Brief
Begin at the line that holds "Brisk- Riel De" and retype every line through the end of the material, both included. Leave out the pictures.

Dataset section
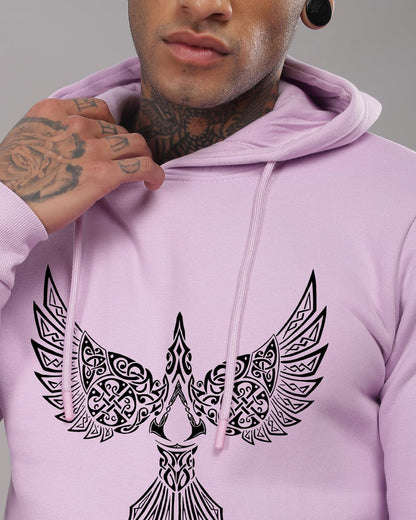 ADRO Men's Cotton Neck Hooded Sweatshirt (H24-BIRD-PU_Lavender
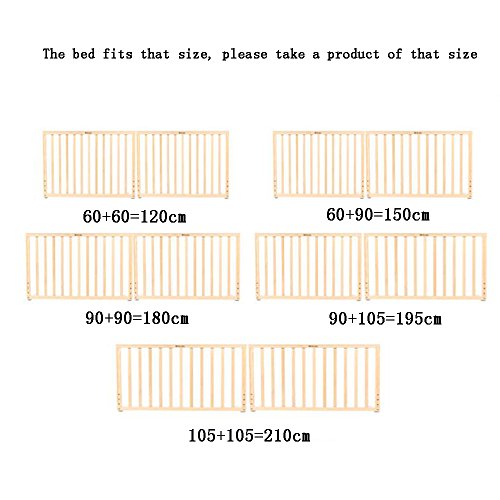 Brisk- Riel De La Cama  Madera Maciza Sin Pintura Deflector Cuna Barandilla Anticaídas Valla 1.8-2m Gran Deflector De La Cabecera (Tamaño : 220cm(with rollover door))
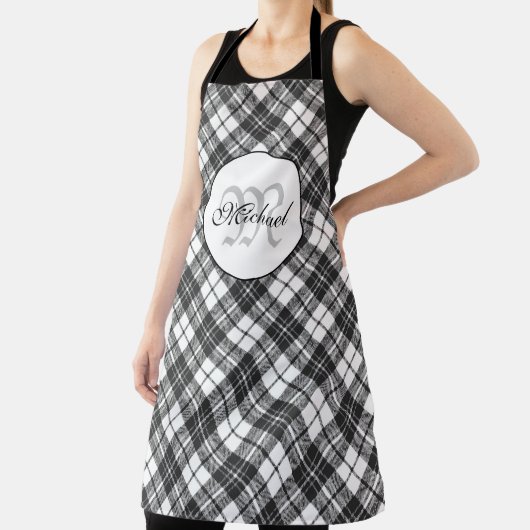 Tartan pattern Christmas Schwarz-weiß Monogram Schürze (InSitu)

Response
 Brisk- Riel De La Cama  Madera Maciza Sin Pintura Deflector Cuna Barandilla Anticaídas Valla 1.8-2m Gran Deflector De La Cabecera (Tamaño : 220cm(with rollover door))
 Tartan pattern Christmas Schwarz-weiß Monogram Schürze (InSitu)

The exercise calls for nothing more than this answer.